NP, RD 3/14A/1863

From the Richmond Daily Dispatch
 
March 14, 1863
  
General Assembly of Virginia
 
Friday, March 13, 1863
 
Senate
 
   The President laid before the Senate a communication from the Executive enclosing a letter from the Secretary of War on the subject of the employment of slaves, called for under an act of the Legislature, on the Piedmont Railroad within Virginia. In his letter the Secretary of War says:
   "As there was great need of force in the construction of the Piedmont Railroad, and serious apprehension on the minds of many slaveholders with regard to the small-pox in Richmond, a portion of the slaves called for under the act of the Virginia Legislature has been assigned to labor on the part of the Piedmont Railroad within Virginia. This has not been done in any case, however, without the consent of the owners."

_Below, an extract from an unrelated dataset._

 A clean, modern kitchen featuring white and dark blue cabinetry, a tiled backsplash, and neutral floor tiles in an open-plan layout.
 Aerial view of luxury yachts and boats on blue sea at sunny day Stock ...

   The Governor, in communicating the letter to the Legislature, says: "If this construction be a sound one, the slave labor of the State can be assigned to labor on the {Virginia} Central, the Virginia & Tennessee, or any other railroad in the State, upon the plea of military necessity. Without roads it would be impossible to transport the army and the supplies necessary to sustain the troops. All I desire to know is whether this construction of the law is in accordance with the views of the General Assembly."
   The reading of the communication gave rise to a warm debate, in which Messrs. Christian of Augusta. Nash of Chesterfield, Douglas of King William, Neeson of Marion, Robertson of Richmond and others, participated. The general tenor of their remarks were in opposition to the construction put upon the act by the Secretary of War.